El sistema se basa en la observación y el monitoreo del cultivo en determinados puntos de chequeo para los distintos factores de producción. A partir del análisis de los datos recopilados y su comparación con los obtenidos, los agricultores pueden tomar decisiones más informadas y por consecuencia, incrementar sus rendimientos. Al mismo tiempo, Cropcheck tiene un enfoque grupal que motiva el aprendizaje colaborativo de agricultores, extensionistas, asesores e investigadores. De este modo, los distintos actores, coordinados por la unidad Cropcheck de Fundación Chile, comparten la información recopilada en sus campos para el análisis de la temporada agrícola.

El sistema se basa en la observación y el monitoreo del cultivos. A partir del análisis de los datos recopilados y su comparación con los obtenidos, los agricultores pueden tomar decisiones más informadas y por consecuencia, incrementar sus rendimientos.

En este escenario, el manejo de la base de datos Cropcheck y su información ha jugado un rol clave. “Comenzamos con 20  y hoy contamos con mil agricultores, lo que significa que tenemos más de dos millones de datos. El salto evolutivo, en cuanto al monitoreo y levantamiento de información en el campo está ocurriendo gracias a las tecnologías que nos permiten obtener datos en tiempo real, sea por telemetría o por mensajes de texto vía celular. La tendencia mundial apunta a “sembrar sensores el campo” para obtener información en tiempo real. Nuestra mirada está puesta en las tecnologías a utilizar, más allá de los sensores de clima empleados desde un comienzo por el modelo, y el cómo integrarlas al sistema para optimizar su funcionamiento acorde con los requerimientos actuales” comentó Mauricio Toro.

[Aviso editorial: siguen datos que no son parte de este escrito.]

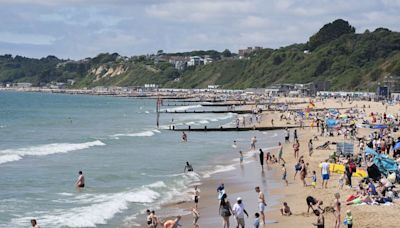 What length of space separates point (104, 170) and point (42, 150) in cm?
1172

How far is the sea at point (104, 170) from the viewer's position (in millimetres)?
21922

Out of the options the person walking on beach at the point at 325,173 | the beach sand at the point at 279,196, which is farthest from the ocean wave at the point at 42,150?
the person walking on beach at the point at 325,173

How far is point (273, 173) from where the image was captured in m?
31.1

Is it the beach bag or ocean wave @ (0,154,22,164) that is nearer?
the beach bag

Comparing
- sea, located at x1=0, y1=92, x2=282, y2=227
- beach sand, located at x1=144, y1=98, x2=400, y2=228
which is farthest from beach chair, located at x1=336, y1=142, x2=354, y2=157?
sea, located at x1=0, y1=92, x2=282, y2=227

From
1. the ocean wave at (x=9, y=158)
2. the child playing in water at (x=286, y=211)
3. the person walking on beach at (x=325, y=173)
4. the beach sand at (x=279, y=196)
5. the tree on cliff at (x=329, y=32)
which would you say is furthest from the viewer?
the tree on cliff at (x=329, y=32)

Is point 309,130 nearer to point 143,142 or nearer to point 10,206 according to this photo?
point 143,142

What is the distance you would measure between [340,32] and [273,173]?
15277 centimetres

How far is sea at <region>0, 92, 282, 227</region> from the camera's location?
21.9 meters

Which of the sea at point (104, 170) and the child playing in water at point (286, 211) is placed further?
the sea at point (104, 170)

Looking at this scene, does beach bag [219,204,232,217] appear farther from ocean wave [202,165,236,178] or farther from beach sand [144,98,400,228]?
ocean wave [202,165,236,178]

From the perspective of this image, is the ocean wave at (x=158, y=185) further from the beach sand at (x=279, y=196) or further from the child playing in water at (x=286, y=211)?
the child playing in water at (x=286, y=211)

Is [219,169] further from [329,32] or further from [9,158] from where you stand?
[329,32]

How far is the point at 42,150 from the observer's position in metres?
42.8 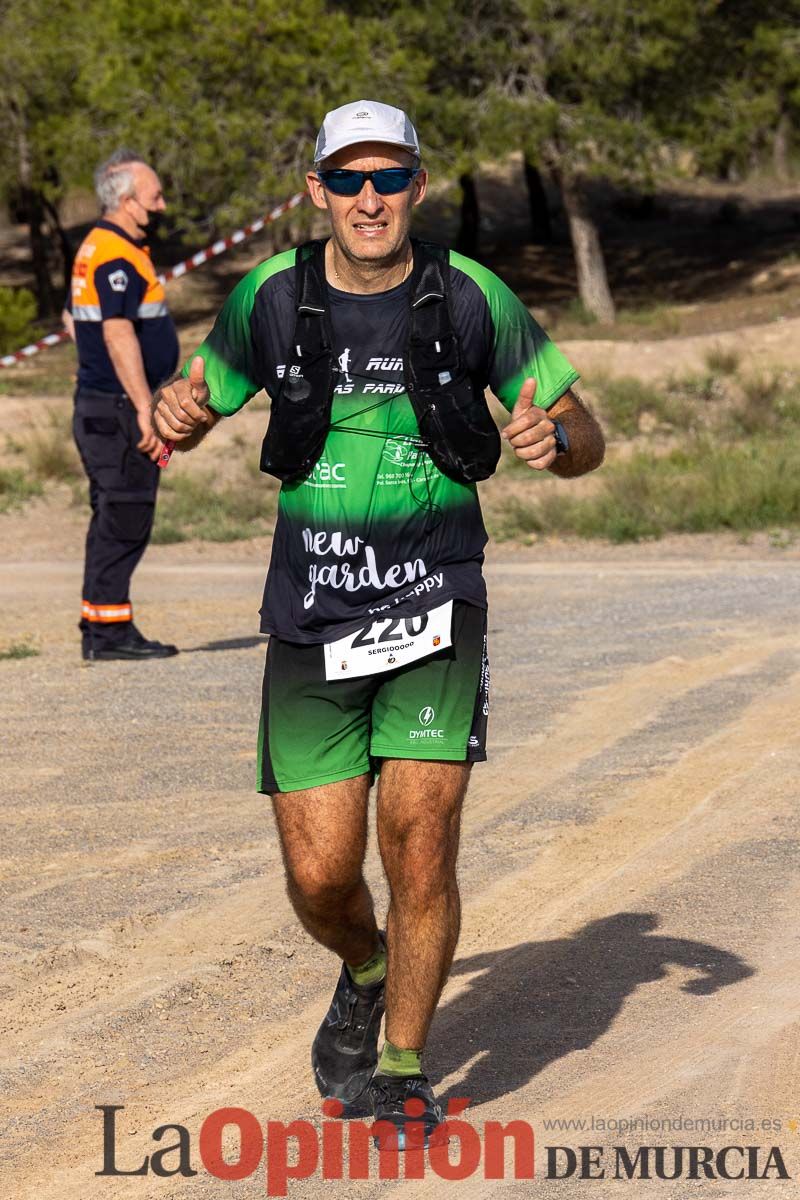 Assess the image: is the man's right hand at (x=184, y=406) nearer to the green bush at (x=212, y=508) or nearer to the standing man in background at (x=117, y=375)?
the standing man in background at (x=117, y=375)

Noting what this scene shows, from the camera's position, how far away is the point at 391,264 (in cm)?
412

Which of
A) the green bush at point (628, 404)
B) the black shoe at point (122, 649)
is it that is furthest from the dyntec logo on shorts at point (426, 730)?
the green bush at point (628, 404)

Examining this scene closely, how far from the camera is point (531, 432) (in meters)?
3.99

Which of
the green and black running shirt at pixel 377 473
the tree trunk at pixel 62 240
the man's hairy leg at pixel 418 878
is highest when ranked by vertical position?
the tree trunk at pixel 62 240

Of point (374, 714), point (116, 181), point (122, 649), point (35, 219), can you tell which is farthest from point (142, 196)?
point (35, 219)

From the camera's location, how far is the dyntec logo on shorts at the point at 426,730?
13.4ft

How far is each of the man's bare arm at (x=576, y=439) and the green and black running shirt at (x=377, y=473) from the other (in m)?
0.05

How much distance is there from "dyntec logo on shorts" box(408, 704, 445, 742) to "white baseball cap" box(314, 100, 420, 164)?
1228 mm

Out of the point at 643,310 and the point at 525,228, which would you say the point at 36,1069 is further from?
the point at 525,228

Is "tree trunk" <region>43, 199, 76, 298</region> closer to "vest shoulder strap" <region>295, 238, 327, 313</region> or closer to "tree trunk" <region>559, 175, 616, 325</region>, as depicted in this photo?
"tree trunk" <region>559, 175, 616, 325</region>

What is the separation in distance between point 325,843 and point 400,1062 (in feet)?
1.65

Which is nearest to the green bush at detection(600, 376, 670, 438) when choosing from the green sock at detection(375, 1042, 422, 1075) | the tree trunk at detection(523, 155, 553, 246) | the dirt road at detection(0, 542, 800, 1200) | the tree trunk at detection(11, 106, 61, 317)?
the dirt road at detection(0, 542, 800, 1200)

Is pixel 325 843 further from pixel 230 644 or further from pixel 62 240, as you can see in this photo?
pixel 62 240

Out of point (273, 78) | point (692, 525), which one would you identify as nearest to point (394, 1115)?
point (692, 525) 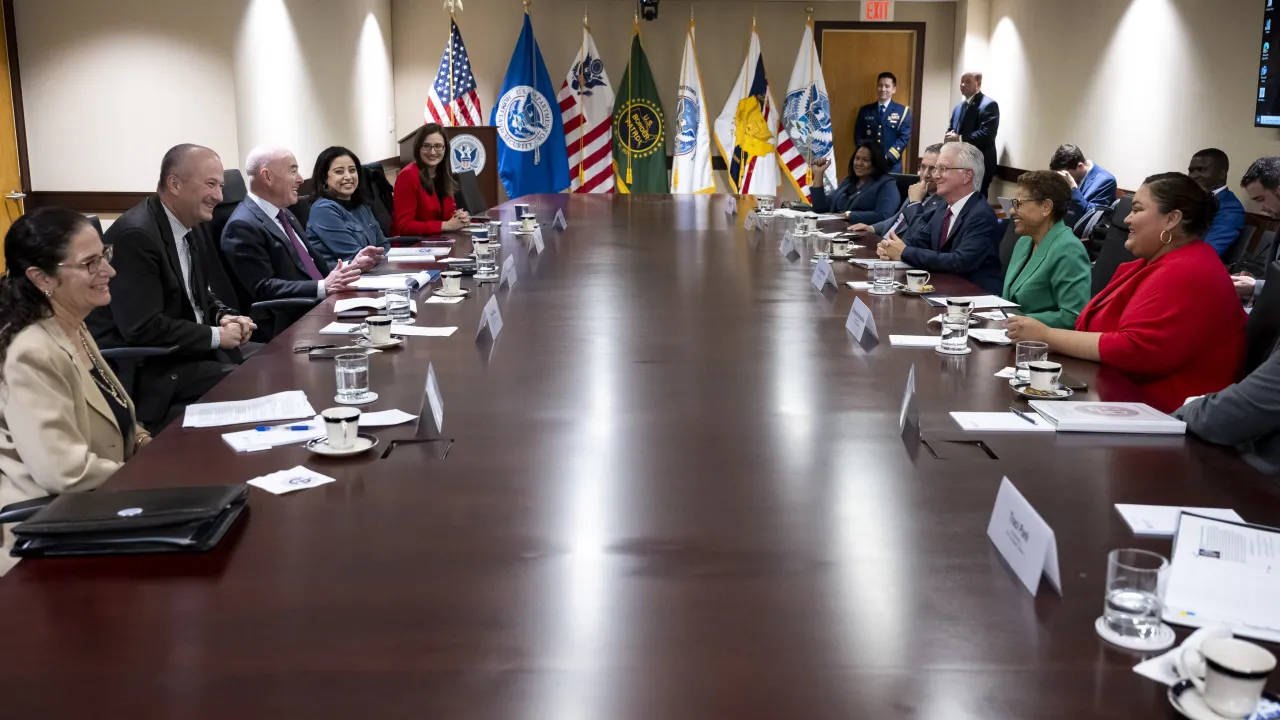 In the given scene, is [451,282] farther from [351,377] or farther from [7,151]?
[7,151]

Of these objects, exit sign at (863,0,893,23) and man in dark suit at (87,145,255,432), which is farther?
exit sign at (863,0,893,23)

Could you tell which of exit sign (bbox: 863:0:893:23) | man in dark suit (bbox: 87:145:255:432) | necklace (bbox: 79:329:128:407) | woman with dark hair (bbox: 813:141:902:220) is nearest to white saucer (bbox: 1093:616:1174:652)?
necklace (bbox: 79:329:128:407)

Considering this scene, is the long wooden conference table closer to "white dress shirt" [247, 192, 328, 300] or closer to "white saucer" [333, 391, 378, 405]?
"white saucer" [333, 391, 378, 405]

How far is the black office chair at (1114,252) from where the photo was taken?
4566 millimetres

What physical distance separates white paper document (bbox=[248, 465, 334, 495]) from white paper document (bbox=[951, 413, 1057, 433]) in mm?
1198

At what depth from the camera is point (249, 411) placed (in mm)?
2201

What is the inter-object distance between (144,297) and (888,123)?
8.27m

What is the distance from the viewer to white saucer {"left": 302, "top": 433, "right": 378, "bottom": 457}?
192 cm

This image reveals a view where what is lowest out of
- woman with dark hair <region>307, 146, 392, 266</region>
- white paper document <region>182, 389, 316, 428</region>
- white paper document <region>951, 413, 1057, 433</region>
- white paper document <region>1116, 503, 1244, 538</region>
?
white paper document <region>1116, 503, 1244, 538</region>

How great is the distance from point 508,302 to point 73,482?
1.67 metres

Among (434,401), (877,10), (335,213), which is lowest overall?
(434,401)

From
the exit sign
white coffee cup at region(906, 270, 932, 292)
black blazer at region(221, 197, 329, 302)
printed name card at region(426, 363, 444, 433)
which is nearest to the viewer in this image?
printed name card at region(426, 363, 444, 433)

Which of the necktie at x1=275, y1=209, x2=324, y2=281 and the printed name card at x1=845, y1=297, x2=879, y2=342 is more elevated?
the necktie at x1=275, y1=209, x2=324, y2=281

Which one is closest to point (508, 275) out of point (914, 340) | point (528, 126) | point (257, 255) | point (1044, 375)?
point (257, 255) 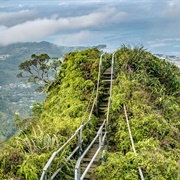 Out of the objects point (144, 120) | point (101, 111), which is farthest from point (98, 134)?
point (101, 111)

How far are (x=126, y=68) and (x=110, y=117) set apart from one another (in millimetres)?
3175

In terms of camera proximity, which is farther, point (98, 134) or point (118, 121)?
point (118, 121)

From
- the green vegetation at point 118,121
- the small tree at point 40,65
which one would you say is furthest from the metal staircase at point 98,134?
the small tree at point 40,65

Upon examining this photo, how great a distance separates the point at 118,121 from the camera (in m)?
10.7

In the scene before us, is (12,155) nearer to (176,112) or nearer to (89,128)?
Result: (89,128)

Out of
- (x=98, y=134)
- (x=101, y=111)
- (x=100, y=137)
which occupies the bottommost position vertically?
(x=100, y=137)

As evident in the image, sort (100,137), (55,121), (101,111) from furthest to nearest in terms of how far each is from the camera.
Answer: (101,111) < (55,121) < (100,137)

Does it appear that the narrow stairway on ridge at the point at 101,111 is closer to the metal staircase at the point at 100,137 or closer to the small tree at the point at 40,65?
the metal staircase at the point at 100,137

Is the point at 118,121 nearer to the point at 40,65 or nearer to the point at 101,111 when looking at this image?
the point at 101,111

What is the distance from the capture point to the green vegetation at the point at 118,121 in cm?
751

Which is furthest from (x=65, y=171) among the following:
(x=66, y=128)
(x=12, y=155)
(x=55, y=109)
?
(x=55, y=109)

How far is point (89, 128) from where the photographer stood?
10406 mm

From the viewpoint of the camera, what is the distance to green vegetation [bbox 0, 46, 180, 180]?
751cm

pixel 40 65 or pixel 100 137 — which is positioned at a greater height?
pixel 40 65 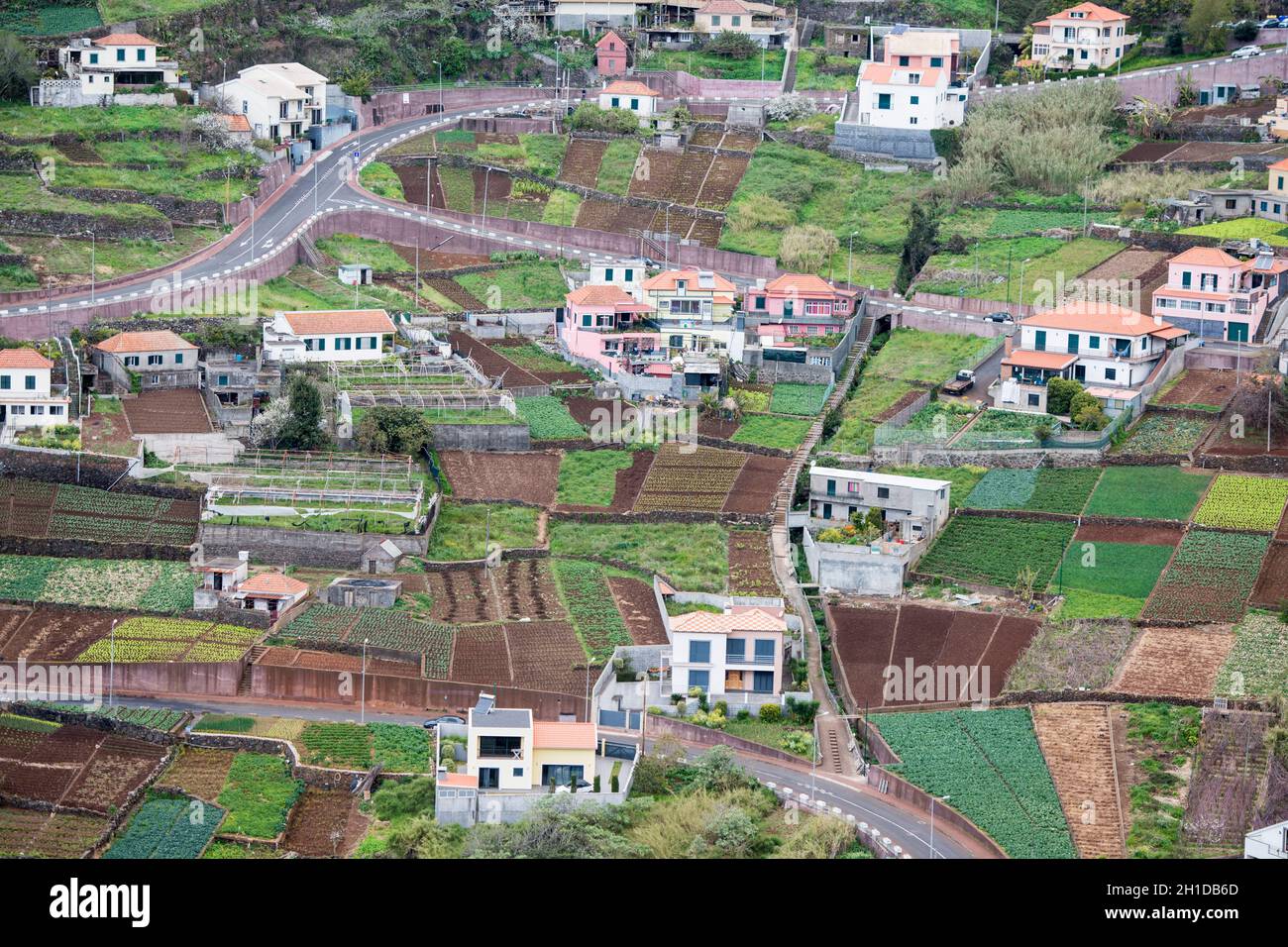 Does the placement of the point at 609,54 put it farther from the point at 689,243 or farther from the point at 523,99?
the point at 689,243

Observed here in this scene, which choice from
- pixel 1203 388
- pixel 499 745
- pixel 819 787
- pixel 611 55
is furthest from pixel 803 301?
pixel 499 745

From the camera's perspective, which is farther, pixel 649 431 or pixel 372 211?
pixel 372 211

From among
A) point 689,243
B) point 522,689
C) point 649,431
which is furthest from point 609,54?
point 522,689

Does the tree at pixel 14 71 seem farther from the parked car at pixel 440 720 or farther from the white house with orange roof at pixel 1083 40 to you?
the parked car at pixel 440 720

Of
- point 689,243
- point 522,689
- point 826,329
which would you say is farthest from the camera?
point 689,243

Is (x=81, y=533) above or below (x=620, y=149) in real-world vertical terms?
below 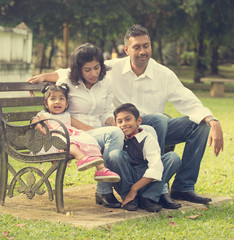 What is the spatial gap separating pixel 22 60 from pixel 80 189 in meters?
11.5

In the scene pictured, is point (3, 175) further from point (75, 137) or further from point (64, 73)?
point (64, 73)

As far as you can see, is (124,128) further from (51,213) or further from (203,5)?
(203,5)

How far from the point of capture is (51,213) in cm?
488

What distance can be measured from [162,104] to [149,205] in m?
1.21

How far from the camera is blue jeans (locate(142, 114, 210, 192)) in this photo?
536 cm

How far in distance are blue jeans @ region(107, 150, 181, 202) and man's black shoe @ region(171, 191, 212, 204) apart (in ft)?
1.47

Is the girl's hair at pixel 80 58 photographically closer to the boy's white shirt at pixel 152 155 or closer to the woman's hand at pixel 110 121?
the woman's hand at pixel 110 121

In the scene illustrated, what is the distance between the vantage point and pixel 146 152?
5.01 meters

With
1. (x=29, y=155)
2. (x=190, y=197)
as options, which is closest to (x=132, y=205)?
(x=190, y=197)

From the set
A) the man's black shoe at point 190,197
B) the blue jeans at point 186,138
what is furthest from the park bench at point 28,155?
the man's black shoe at point 190,197

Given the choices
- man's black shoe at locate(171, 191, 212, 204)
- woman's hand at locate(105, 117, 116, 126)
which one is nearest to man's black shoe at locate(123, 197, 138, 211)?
man's black shoe at locate(171, 191, 212, 204)

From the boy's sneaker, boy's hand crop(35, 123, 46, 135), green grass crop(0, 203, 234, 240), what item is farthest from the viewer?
boy's hand crop(35, 123, 46, 135)

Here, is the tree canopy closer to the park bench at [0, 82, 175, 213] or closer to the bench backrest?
the bench backrest

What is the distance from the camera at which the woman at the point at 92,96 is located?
5.08 m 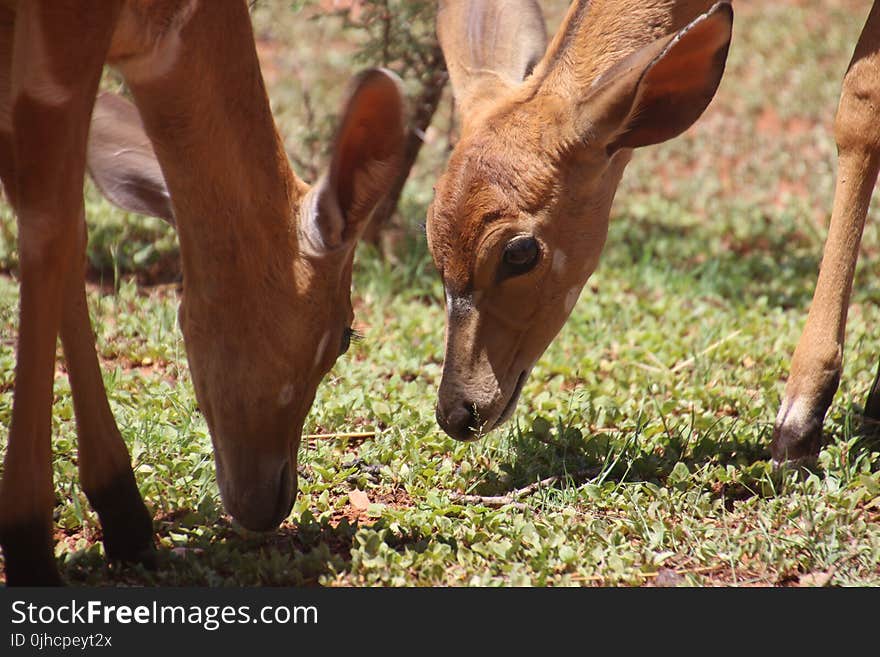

La validación y el alcance que ha tenido Cropcheck, da cuenta de la proyección que aún tiene el programa en el país. Además de la incorporación de nuevas tecnologías, el trabajo desarrollado y por realizar se enmarca en un entorno sustentable con el medio ambiente. “El sistema reúne las características que necesita la agricultura moderna o “agricultura inteligente”, sobre la base de un “big data”. En este sentido, busca la sostenibilidad en el tiempo con un  uso racional de los recursos naturales e insumos, clave para enfrentar el déficit hídrico con eficiencia”, agregó el jefe del proyecto de Fundación Chile.